The media is full of stories about yesterday's debate on the EU (Withdrawal) Bill that allows for the repeal of the European Communities Act (1972) and the transporting (for now) of EU legislation onto the UK's Statute book.

There were many clashes in the Commons yesterday as David Davis set out the plan, and MPs from all sides engaged in the debate. It seems, however, that what Anna Soubry told the Today Programme earlier in the week are wearing thin. She told the presenter that she knew of no Tory MP that was looking to vote against the bill. It seemed close to not being the case yesterday as Dominic Grieve described the bill as an "astonishing monstrosity" and Ken Clarke warned the government that it might be forced "back to the drawing board". That said, the Labour Party also have their rebels, which means that it's still likely the bill will pass onto its next stage.

The stage of the bill that is most likely to provide trouble is at its Committee Stage; however, I'm delighted to see that yesterday the election of six TFA members / Better Off Out and Leave supporting MPs from the Conservative Party onto the so-called 'Brexit Committee' (formerly known as 'Exiting the European Union Select Committee') was confirmed. This committee will play a key role in scrutinising legislation and we are glad that so many supporters have been elected onto it (and that some of our detractors weren't).
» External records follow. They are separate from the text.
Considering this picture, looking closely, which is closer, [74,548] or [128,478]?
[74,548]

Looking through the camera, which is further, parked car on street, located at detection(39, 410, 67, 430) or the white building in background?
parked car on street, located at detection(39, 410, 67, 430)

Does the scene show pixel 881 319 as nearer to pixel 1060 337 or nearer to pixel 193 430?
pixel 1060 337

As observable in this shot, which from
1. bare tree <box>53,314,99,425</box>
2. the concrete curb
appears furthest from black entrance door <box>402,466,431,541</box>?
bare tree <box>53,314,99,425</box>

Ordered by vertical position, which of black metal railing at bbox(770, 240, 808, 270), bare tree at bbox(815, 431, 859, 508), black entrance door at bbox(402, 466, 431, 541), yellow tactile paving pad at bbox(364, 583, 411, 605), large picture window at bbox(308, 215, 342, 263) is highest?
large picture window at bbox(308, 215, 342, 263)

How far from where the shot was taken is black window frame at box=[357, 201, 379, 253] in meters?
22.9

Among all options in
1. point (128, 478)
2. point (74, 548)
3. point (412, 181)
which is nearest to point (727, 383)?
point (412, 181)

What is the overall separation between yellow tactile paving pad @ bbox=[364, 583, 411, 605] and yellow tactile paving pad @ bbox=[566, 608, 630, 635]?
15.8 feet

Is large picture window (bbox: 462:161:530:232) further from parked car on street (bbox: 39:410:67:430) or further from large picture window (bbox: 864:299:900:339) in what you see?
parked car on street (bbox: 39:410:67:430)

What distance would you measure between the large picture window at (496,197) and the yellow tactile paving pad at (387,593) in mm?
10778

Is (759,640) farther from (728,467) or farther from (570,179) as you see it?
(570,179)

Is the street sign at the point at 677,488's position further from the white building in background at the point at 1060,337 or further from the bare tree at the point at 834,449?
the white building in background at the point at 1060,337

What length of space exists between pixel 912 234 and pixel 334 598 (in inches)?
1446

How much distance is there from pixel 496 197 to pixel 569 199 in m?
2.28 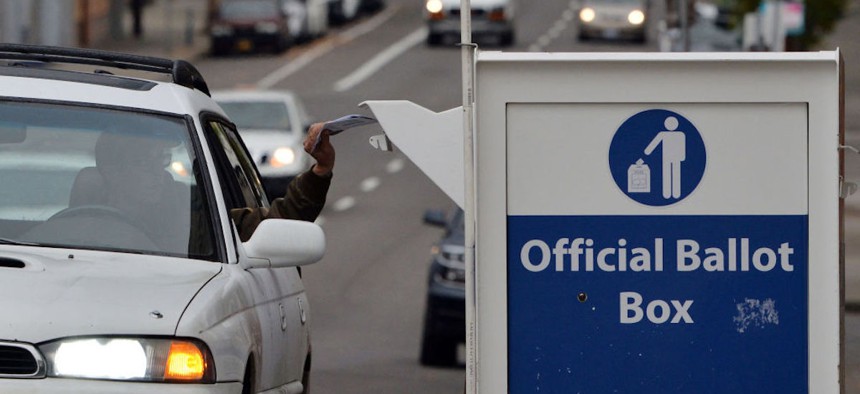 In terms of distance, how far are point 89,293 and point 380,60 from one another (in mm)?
45789

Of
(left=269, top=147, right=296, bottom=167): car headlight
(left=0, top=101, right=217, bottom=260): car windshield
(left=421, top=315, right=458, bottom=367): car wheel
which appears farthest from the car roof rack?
(left=269, top=147, right=296, bottom=167): car headlight

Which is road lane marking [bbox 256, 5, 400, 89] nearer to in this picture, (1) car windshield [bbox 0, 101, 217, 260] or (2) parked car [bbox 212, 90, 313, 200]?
(2) parked car [bbox 212, 90, 313, 200]

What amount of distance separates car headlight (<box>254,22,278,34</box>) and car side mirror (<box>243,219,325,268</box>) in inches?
1786

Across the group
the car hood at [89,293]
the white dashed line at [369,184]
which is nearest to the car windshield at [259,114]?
the white dashed line at [369,184]

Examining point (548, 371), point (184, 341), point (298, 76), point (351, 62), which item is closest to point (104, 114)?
point (184, 341)

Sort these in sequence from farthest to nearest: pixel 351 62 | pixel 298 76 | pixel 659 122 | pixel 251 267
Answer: pixel 351 62 → pixel 298 76 → pixel 251 267 → pixel 659 122

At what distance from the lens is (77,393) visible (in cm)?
504

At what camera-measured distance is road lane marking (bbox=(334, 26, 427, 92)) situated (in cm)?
4575

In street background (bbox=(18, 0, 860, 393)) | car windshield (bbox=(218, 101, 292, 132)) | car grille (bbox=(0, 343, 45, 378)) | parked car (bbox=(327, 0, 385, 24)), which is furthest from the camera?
parked car (bbox=(327, 0, 385, 24))

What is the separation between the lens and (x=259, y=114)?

Nonetheless, another issue occupying the minds of the media today is a later circulating among Conservative backbenchers which demands that the UK does not pay any money to the EU during any so-called transition period. This apparently has the backing of some 30 Conservative MPs so far but obviously not Nicky Morgan. She told the Today Programme that she didn't approve of the letter's contents. Well, she might not - but I suspect the country will wonder why on earth the UK taxpayer could have to pay monies akin to membership to something that we aren't a member of. Given that work from Lawyers for Britain has indicated the UK might be owed money from the EU, why shouldn't the UK be paid money by the EU to have access to our market during any transition period?
Rory Broomfield
Director of The Freedom Association and Better Off Out campaign 

 Articles of the Day
Brexit: Davis and Starmer clash over key legislation - BBC
I.O.UK £9.3BN Theresa May should NOT fall for EU divorce bill demands because it owes us £9.3billion — and must fork out for Brexit - the Sun
Labour backsliding on Brexit - Gudio Fawkes
Fury over Juncker's personal attack on Brexit secretary Davis - Daily Express

The Freedom Association's Better Off Out campaign's daily update


« Last Edit: September 08, 2017, 05:37:24 PM by the leveller »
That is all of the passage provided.